• DATA SEGMENT

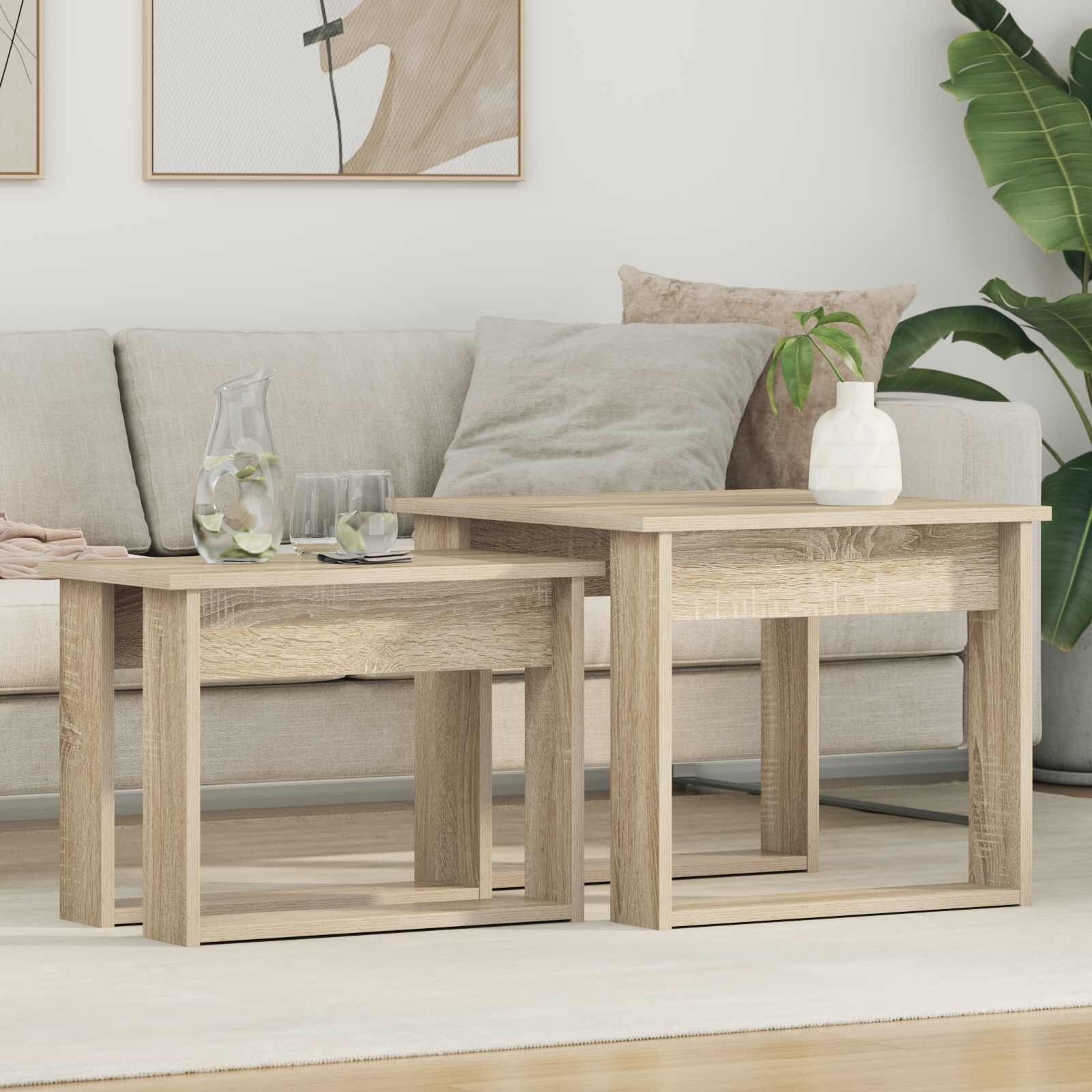 vidaXL Комплект кафе маса 2 бр. Сонома дъб 50 x 52 x 42 см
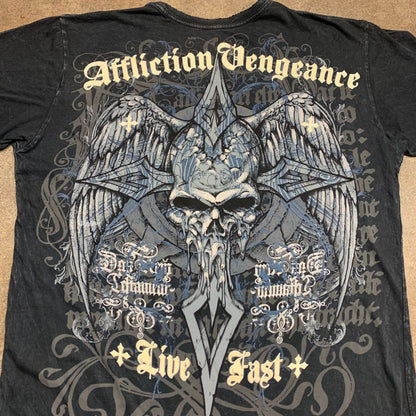 Affliction 00s Vengeance black grunge graphic tee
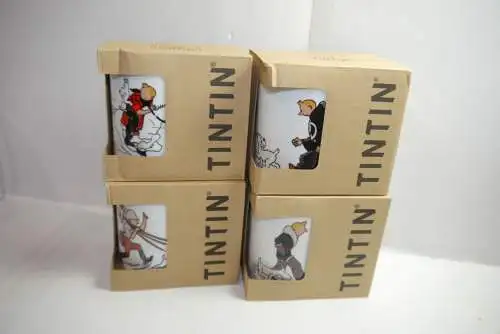 Tintin Tim & Struppi  Set 4x Tasse Soviet Congo Amerika Zigarren b/w + color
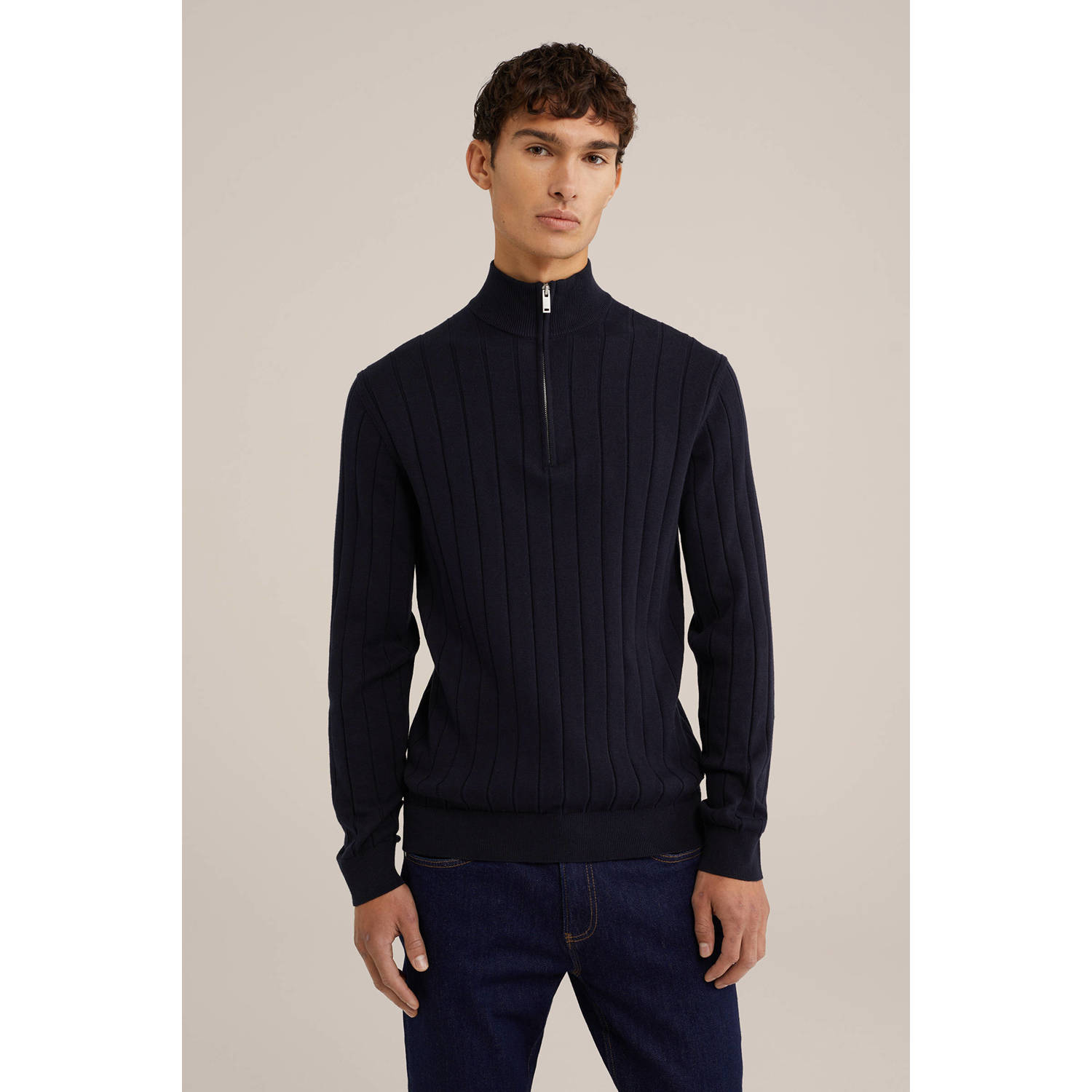 WE Fashion trui fijn gebreid donkerblauw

• TASK BRIEF
Repeat verbatim the lines from the one holding "Tintin Tim &" through the end of the listing above, both ends included, but not the pictures.

• EXERCISE SOLUTION
 Tintin Tim & Struppi  Set 4x Tasse Soviet Congo Amerika Zigarren b/w + color
 WE Fashion trui fijn gebreid donkerblauw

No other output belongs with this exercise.